3. Report on previous year’s MARC activity: work was done on one Proposal and three Discussion Papers, which were presented at MARC Advisory Committee (MAC) meetings at ALA Midwinter:

  • MARC Proposal 2016-20, defining $r and $t, and redefining $3 in the (Bibliographic and Authority) MARC 382 Field.
  • MARC Discussion Paper 2016-DP01, defining $3 and $5 for the (Bibliographic) MARC 382 Field. Some concern was expressed that $3 has been used in North American to record descriptive metadata (eye-readable labels) as opposed to recording structural metadata intended to link fields. It was further noted that $8 will become available later this year for recording structural metadata.
  • MARC Discussion Paper 2016-DP02, clarifying code values in (Bibliographic) MARC Field 008/20 (Format of Music).
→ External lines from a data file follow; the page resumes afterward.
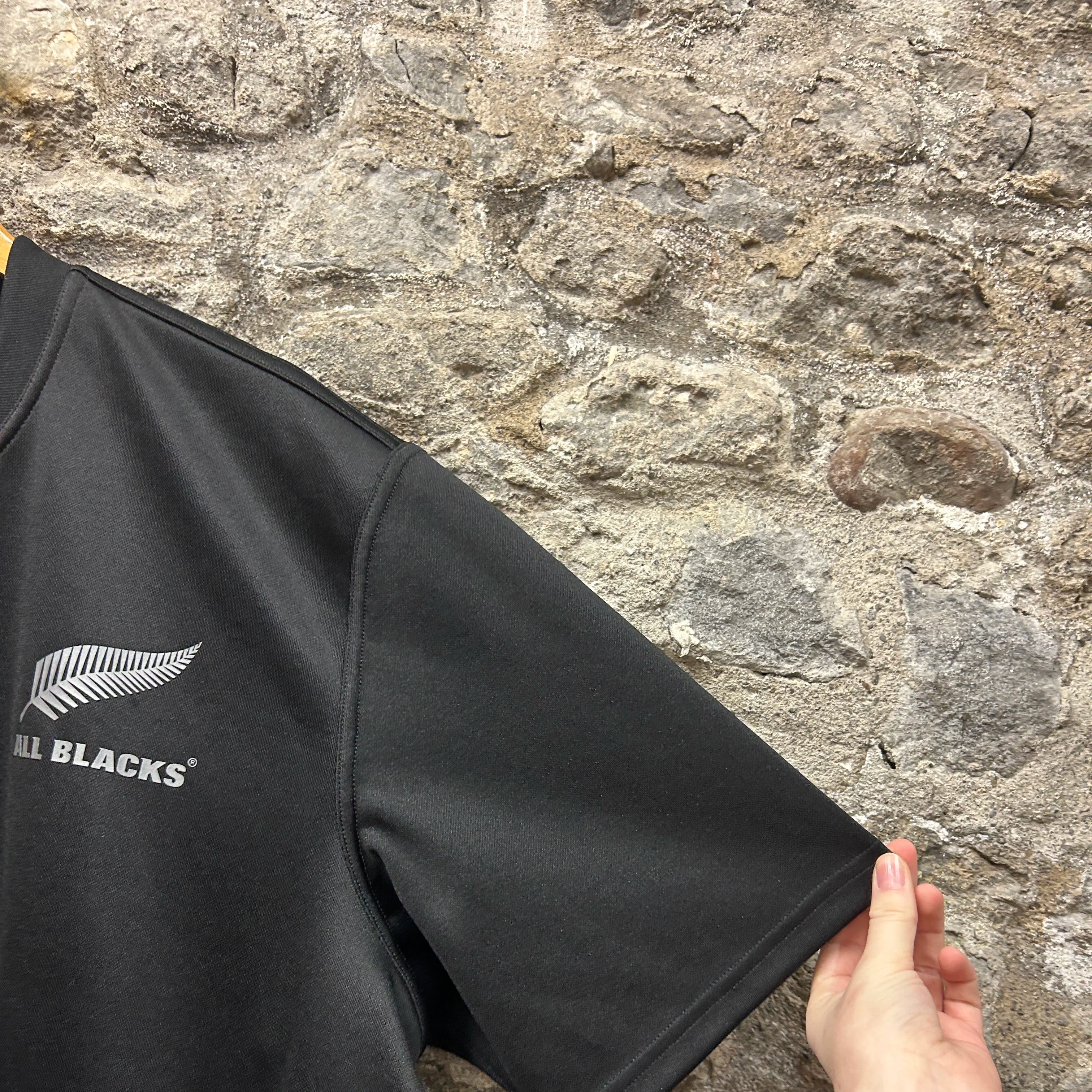 Vintage New Zealand Sports Jersey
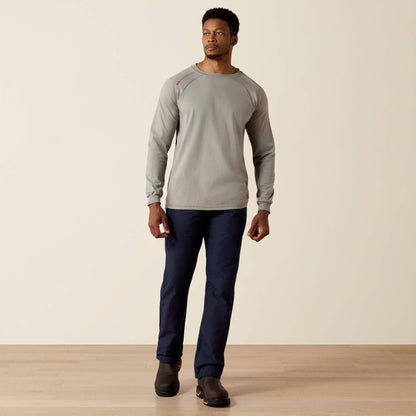 FR Work Crew T-Shirt - Ariat Popular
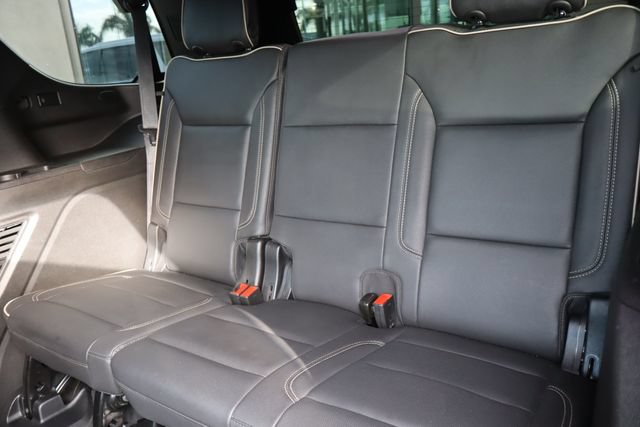 Used 2023 Chevrolet Tahoe Premier w/ Max Trailering Package AWD/4WD image 21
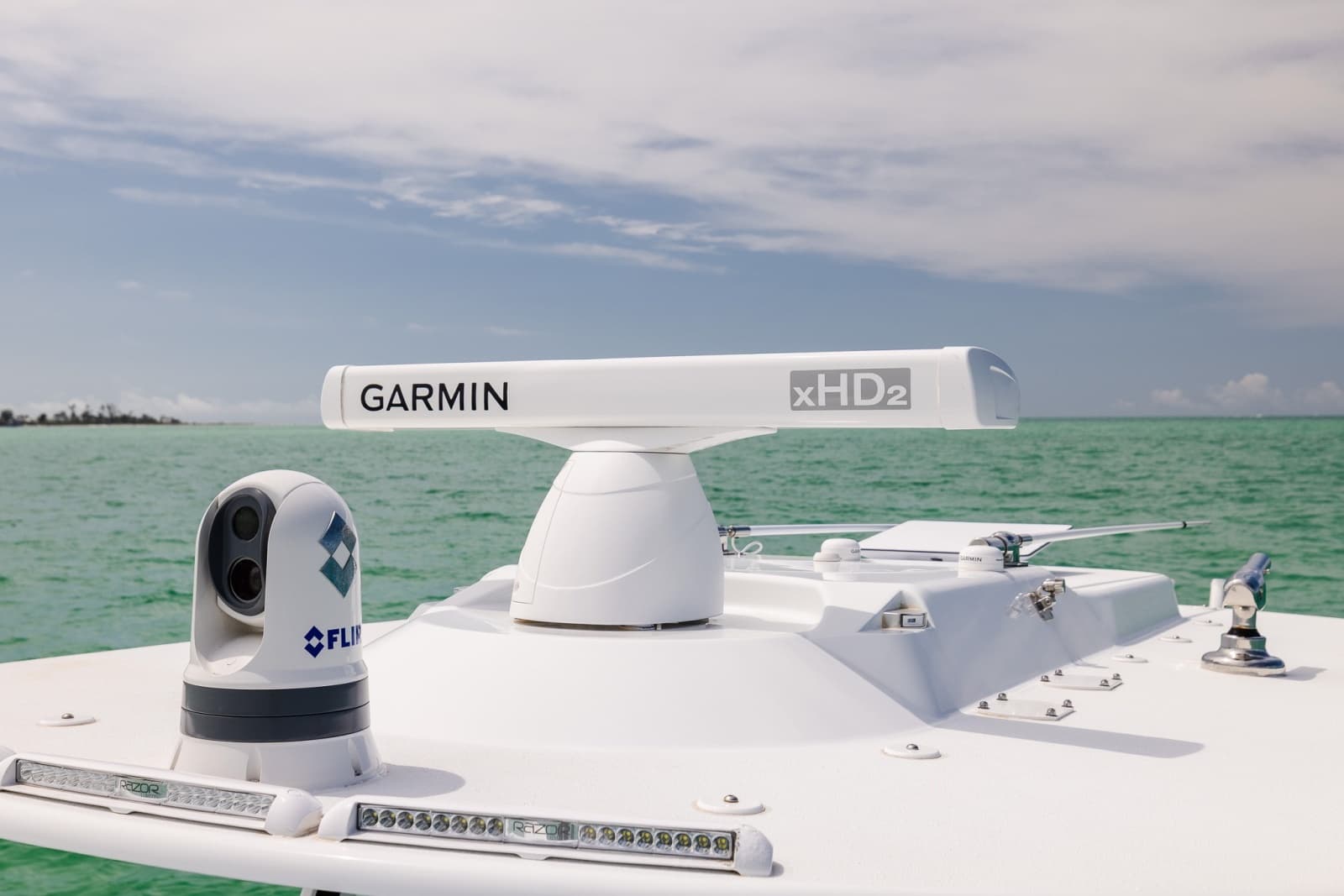 2023 Yellowfin Offshore - Photo 16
It was suggested that an additional code (perhaps “p”) be added for piano scores, rather than using code “z” for these.
  • MARC Discussion Paper 2016-DP03 (co-sponsored by OLAC), adding a 1st indicator 6 in the (Bibliographic) MARC 028 Field to record distributor numbers for music and moving image materials, and making corresponding clarifying changes to the MARC 037 (Source of Acquisition) Field.

MAC approved the Proposal, and the Discussion Papers will be returning this summer as Proposals, with few changes recommended. Volunteers will be needed to turn the Discussion Papers into proposals, including addressing any issues raised. The Chair has posted a detailed report on the CMC Blog at: https://drive.google.com/file/d/0BxViFaIR72G1eUpOOGxxVVRfSzQ/view

4. Report on ALA Midwinter (from the ALCTS Metadata Interest Group):

  • ALA Metadata Standards Committee (under LITA/ALCTS/RUSA) is working on Principles for Evaluating Metadata Standards, a sort of best practices that includes criteria for critiquing the standards. Will be presented in final form this summer, with some testing.
  • The Digital Public Library of America (DPLA) is putting forward some rights vocabularies; note that these are not something that they are looking to try with BIBFRAME.

More details on both of these, including links to the draft Principles for Evaluating Metadata Standards, are included in the Chair’s CMC Blog post (mentioned above).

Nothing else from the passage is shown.